You definitely need to click on that one to make sense of it.

First off, the humidity had nothing to do with the placement of the sensors. Second, the humidity was plenty high, over a significant portion of the time, to accomplish the fermentation. Third, when the sun came out, the temperature shot up 60 degrees in a matter of minutes.

When the temperature jumped, the humidity fell until evaporation could catch up with it, at least partially.

Conclusion: The greenhouse is simply too unstable to serve as a fermentation method. The leaves need to slowly ferment not shoot from one temperature extreme to another.

In the second experiment, I had the trashcan with its glass lid in the garage. The sensors were in the same places, but this time there was only an inch of water in the bottom of the can. Here's the data for that one.

The temperature followed the ambient temperature in the garage. I opened the garage door once the sun came up to let in the day's heat. The humidity went to 100% and stayed there. Perfection.

Conclusion: All I really need is a trashcan with a lid, not a glass one, and a 40W incandescent bulb to make this work. I can easily rig that and we can see if a small bulb will keep the temperature at 70 degrees or higher. We can try a 25W bulb if necessary. I'm thinking that a computer-controlled system might be fun and sophisticated, but it's probably overkill. If the local temperature here in San Diego gets above 80, I can just turn the bulb off manually.

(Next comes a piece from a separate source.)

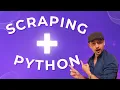 Web Scraping Mastery Python Selenium Setup Tutorial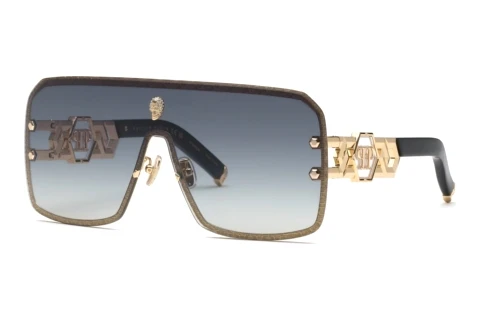 Solbriller Philipp Plein SPP162S 0300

This thing is just about ready to rock.

Unfortunately, we were gone over the last two weekends and while people came over to take care of the dogs and water the plants, something went wrong with the tobacco seedlings and they all died. Not to worry, more seeds are on the way. The plants only take 60-90 days to be ready for harvest, so it's no big deal.

1 comment:

  1. Too bad about your seedlings, hope the next batch works out.

    In regards to your humidity, I'm wondering whether humidity control is actually your primary problem as far as keeping the leaves from getting moldy. I mean, fermentation is done by living things too, and so if the humidity is right for whatever organisms are doing your fermentation, then it should also be right for growing mold.

    When I want things in the lab to ferment rather than getting moldy, the key thing seems to be access to oxygen. In my cattail-decomposer tanks, mold only grows on the surface where it has at least a little access to fresh air. Even slightly underwater where the water is stagnant and the oxygen is all used up, there is obvious activity going on, but no mold.

    I'm wondering whether the thing that really encouraged the mold in your previous batch was opening the lid to moisten it, which would have let in fresh air. Molds don't need much oxygen to grow, but they are aerobic organisms and do need at least a little.

    This is clearly something that would benefit from some experiments with your collard greens as a stand-in for tobacco leaves. You might even still be able to eat them afterwards!